**WORK TASK:** Your task is to copy the lines of the data below from the line holding "Photos from Scottys Pottys Plumbing" through the line holding "FORD KUGA 2026/6 - 5", inclusive, exactly and with nothing added.

------ ENTRIES SUPPLIED ------

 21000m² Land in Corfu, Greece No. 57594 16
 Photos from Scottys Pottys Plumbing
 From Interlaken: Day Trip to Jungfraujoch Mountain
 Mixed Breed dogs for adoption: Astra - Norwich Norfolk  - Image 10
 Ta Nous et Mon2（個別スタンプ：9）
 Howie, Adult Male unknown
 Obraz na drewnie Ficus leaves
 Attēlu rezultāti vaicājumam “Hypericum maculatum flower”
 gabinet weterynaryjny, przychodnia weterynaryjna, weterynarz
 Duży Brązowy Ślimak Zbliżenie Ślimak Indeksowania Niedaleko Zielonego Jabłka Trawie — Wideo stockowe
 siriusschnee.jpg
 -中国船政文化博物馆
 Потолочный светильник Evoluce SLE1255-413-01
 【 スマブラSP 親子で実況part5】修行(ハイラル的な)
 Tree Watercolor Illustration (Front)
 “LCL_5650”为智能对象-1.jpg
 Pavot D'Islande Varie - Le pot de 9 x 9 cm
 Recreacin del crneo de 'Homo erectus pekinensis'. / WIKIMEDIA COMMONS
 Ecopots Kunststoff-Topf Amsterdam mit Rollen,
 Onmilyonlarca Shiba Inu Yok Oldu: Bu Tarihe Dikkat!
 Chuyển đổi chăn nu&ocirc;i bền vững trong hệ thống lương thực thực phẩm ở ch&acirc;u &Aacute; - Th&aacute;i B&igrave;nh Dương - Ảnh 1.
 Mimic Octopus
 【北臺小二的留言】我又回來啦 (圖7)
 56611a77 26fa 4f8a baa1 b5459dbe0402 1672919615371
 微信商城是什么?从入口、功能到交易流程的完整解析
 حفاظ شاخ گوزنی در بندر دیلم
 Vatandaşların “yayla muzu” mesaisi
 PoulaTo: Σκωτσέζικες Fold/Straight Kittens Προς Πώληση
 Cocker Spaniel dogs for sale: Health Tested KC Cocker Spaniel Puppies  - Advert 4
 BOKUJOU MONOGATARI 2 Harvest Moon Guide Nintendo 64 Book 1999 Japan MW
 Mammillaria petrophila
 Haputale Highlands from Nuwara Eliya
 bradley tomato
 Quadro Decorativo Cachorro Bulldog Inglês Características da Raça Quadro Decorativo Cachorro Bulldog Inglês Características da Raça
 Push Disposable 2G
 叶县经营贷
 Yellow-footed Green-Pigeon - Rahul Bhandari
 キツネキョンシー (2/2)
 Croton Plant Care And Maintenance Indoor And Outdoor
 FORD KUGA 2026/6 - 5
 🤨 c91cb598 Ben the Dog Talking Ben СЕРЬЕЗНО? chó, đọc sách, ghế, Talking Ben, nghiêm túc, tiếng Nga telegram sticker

------

**SOLUTION TO THE EXERCISE:**
 Photos from Scottys Pottys Plumbing
 From Interlaken: Day Trip to Jungfraujoch Mountain
 Mixed Breed dogs for adoption: Astra - Norwich Norfolk  - Image 10
 Ta Nous et Mon2（個別スタンプ：9）
 Howie, Adult Male unknown
 Obraz na drewnie Ficus leaves
 Attēlu rezultāti vaicājumam “Hypericum maculatum flower”
 gabinet weterynaryjny, przychodnia weterynaryjna, weterynarz
 Duży Brązowy Ślimak Zbliżenie Ślimak Indeksowania Niedaleko Zielonego Jabłka Trawie — Wideo stockowe
 siriusschnee.jpg
 -中国船政文化博物馆
 Потолочный светильник Evoluce SLE1255-413-01
 【 スマブラSP 親子で実況part5】修行(ハイラル的な)
 Tree Watercolor Illustration (Front)
 “LCL_5650”为智能对象-1.jpg
 Pavot D'Islande Varie - Le pot de 9 x 9 cm
 Recreacin del crneo de 'Homo erectus pekinensis'. / WIKIMEDIA COMMONS
 Ecopots Kunststoff-Topf Amsterdam mit Rollen,
 Onmilyonlarca Shiba Inu Yok Oldu: Bu Tarihe Dikkat!
 Chuyển đổi chăn nu&ocirc;i bền vững trong hệ thống lương thực thực phẩm ở ch&acirc;u &Aacute; - Th&aacute;i B&igrave;nh Dương - Ảnh 1.
 Mimic Octopus
 【北臺小二的留言】我又回來啦 (圖7)
 56611a77 26fa 4f8a baa1 b5459dbe0402 1672919615371
 微信商城是什么?从入口、功能到交易流程的完整解析
 حفاظ شاخ گوزنی در بندر دیلم
 Vatandaşların “yayla muzu” mesaisi
 PoulaTo: Σκωτσέζικες Fold/Straight Kittens Προς Πώληση
 Cocker Spaniel dogs for sale: Health Tested KC Cocker Spaniel Puppies  - Advert 4
 BOKUJOU MONOGATARI 2 Harvest Moon Guide Nintendo 64 Book 1999 Japan MW
 Mammillaria petrophila
 Haputale Highlands from Nuwara Eliya
 bradley tomato
 Quadro Decorativo Cachorro Bulldog Inglês Características da Raça Quadro Decorativo Cachorro Bulldog Inglês Características da Raça
 Push Disposable 2G
 叶县经营贷
 Yellow-footed Green-Pigeon - Rahul Bhandari
 キツネキョンシー (2/2)
 Croton Plant Care And Maintenance Indoor And Outdoor
 FORD KUGA 2026/6 - 5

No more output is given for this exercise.